Automatic extraction of structure into SGML format


for general circulation

Mark Eichin
Cygnus Solutions

Introduction

There are a wide variety of tools manipulating and examining documents marked up with SGML. In particular, they deal cleanly with the structure described by the DTD and the markup. This makes SGML well suited as a "common ground" format for conversion of structured data.

HP100 Generic Databases

Given a database format that already has self-describing fields, it is even possible to directly construct a DTD that covers all of the existing structure. An example of this is the GDB Generic Database format used by the HP palmtop applications. The application on the palmtop actually has a format editor that lets one easily change field names and types, as well as location on input screens.

The database format is published, and there are gdbload and gdbdump programs that convert them to and from comma seperated value format. I have modified gdbdump to use a -S flag to generate SGML output, including emitting the DOCTYPE declaration describing the data. The outermost element (covering the entire database) is named from the filename given to the conversion command. Within that, a dbentry entity is composed of all of the fieldnames stored in the database header, which are themselves declared as simple pcdata entities.
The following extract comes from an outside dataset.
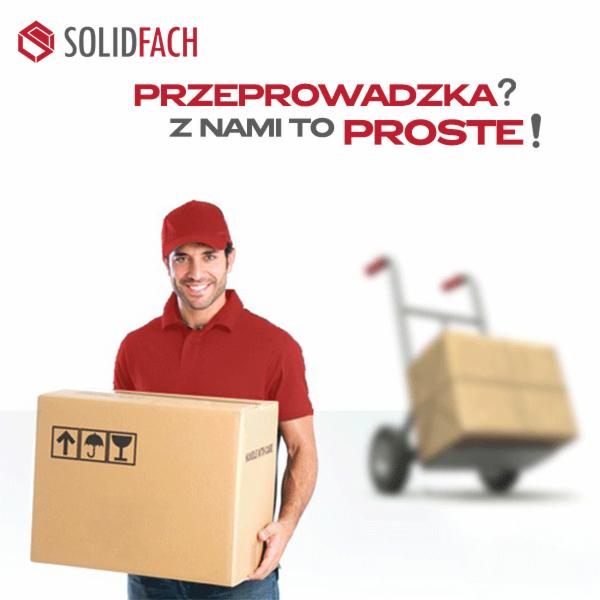 Uśmiechnięty mężczyzna w czerwonym uniformie i czapce trzyma karton z ikonami strzałek i kieliszków, w tle rozmazany wózek transportowy i napis 'Przeprowadzka? Z nami to proste!' oraz logo firmy...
There is one odd case -- a record can contain a Note field with multiple lines of text. In order to preserve the line breaks, an empty crnl element is permitted within any element corresponding to a field which had the note attribute in the database description.

USR PalmPilot databases

The USR PalmPilot palmtop also has several databases, though not using such a generic format. In fact, the current tools for the Pilot query the palmtop directly for records, rather than manipulating the database images available on the server side of a HotSync or pilot-link backup. Since the primary motivation for this effort was to handle conversion from the HP to the Pilot, the next step is to write a program that will

The jade package can easily handle the DTD conversion using a DSSSL style-sheet.

Further Work

Back-conversion is also important. Having gone through the effort of producing the data in a marked up form, it may be worth considering it the canonical form.